Quoting the report by Abu Dhabi Commercial Bank (ADCB), the Emirates Business 24/7 said returns on accumulated wealth relative to the country's GDP are substantial and can be used to mitigate the effect of oil price cyclicality and support investments in infrastructure and diversification.
In addition, the risk of rising inflation has subsided and it is expected to decline as oil and commodity prices fall and the U.S. dollar appreciates. Consequently, the government has significant scope to implement expansionary fiscal policies.
According to IMF estimates, inflation is expected to drop to 10.8 percent next year from 12.9 percent this year, while the current account surplus would reach $55.3 billion against $60.9 billion in 2008. The estimate shows that the current account surplus would reach 22.6 percent in 2008 and 18.8 percent next year. While the GDP growth is likely to drop to six percent in 2009 from seven percent this year.
The bank says the government-backed projects in infrastructure, power and water will remain secure due to economic demand and political will. Planned infrastructure investments announced by the private sector will not be abandoned; however, the pace of growth may slow down.
The report notes that in the previous cycle, mostly petrodollars were mostly spent on consumption, which fuelled growth in Western economies. However, in the current cycle petrodollars were invested regionally boosting productivity. In addition, a rising population and expatriate community will support domestic demand, which will stimulate growth in non-oil GDP. The report claims Asia and emerging economies are beginning to replace Western countries as the UAE's main trading partners, providing some protection against the worst effects of the downturn.
The bank said foreign capital has been leaving the country to attend to pressing liquidity issues in home markets and U.S. dollar credit supply to local institutions has diminished. Even when it is available, it is accessible at a much higher cost.
Despite these challenges, the bank believes that the severity of crisis in the UAE is far less than in the Western countries. As IMF estimates that slowdown in the UAE's growth only represents a transition from an expected growth of seven percent in 2009 to a revised expected growth of six percent.
Assuaging fears about Dubai's debt, the ADCB report says the emirate's debt has been backed by foreign asset reserves that leaves the country's capacity unimpaired. The bank also believes the recent central bank's measures to inject liquidity in the local financial market were merely precautionary and that the underlying financial system is sound.
The report says that corporate fundamentals in the UAE remain largely intact but overlooked.
The UAE penetration rate - the ratio of bank assets to GDP - of 172.9 percent (2007) is lower than the average penetration rate enjoyed by developed countries, emphasizing the sector's substantial growth opportunities. In comparison, the euro region reported a penetration rate of 223 percent for the same period.

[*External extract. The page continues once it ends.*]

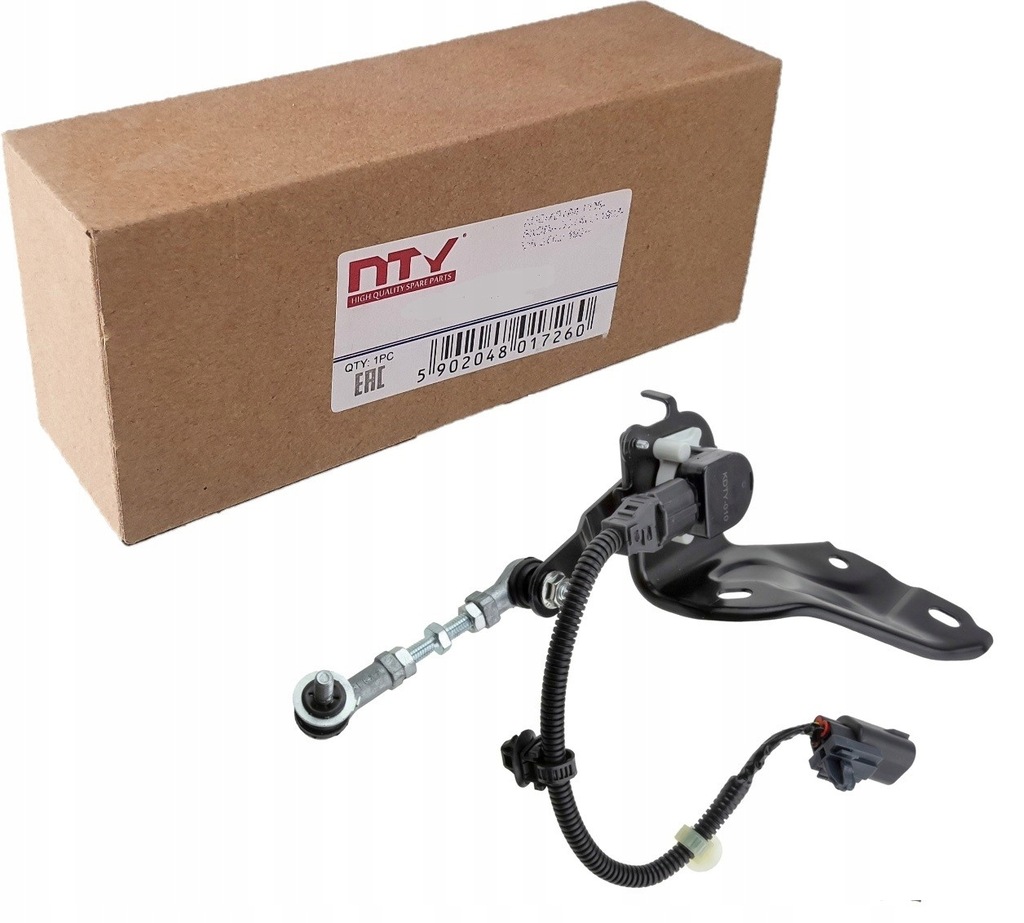 фото №12, Датчик вирівнювання світла kpl. ecx-ty-010 nty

The report claims that the sector would greatly benefit from the country's conducive macro-economic environment to sustain future growth. The bank hopes that $360 billion worth of real estate, tourism, manufacturing and oil-related investment projects by Dubai and Abu Dhabi in the medium term and low interest rate due to the dollar peg would stimulate credit growth and mitigate other bear factors.
The sector achieved considerable growth between 2004 and 2007, as measured by all key banking parameters with loans up 39.7 percent, deposits 32.1 percent, and profitability 38.4 percent, due to a highly supportive macro-economic environment.
Return ratios within the sector remained strong due to a robust performance by both core banking and non-interest income. The sector maintained a return on equity (ROE) and ROA of 22 percent and two percent, respectively, during the same period.
The report says regional consolidation, international diversification of revenue base, growth of Islamic banking and adoption of emerging trends will yield value and steer the sector's growth this year.
"Consolidation will occur due to increased competition from foreign banks once trade barriers are lifted. International expansion will permit banks to diversify their current concentration away from the UAE economy. With the UAE Islamic banking sector growing more rapidly than conventional banks, we expect its market share to increase from 15 per cent to 25 per cent over the next three to five years," says ADCB report.
The bank expects the interbank rate to increase by 25bps due to the tight liquidity conditions, thereby, exerting pressure on the net interest margin (NIM).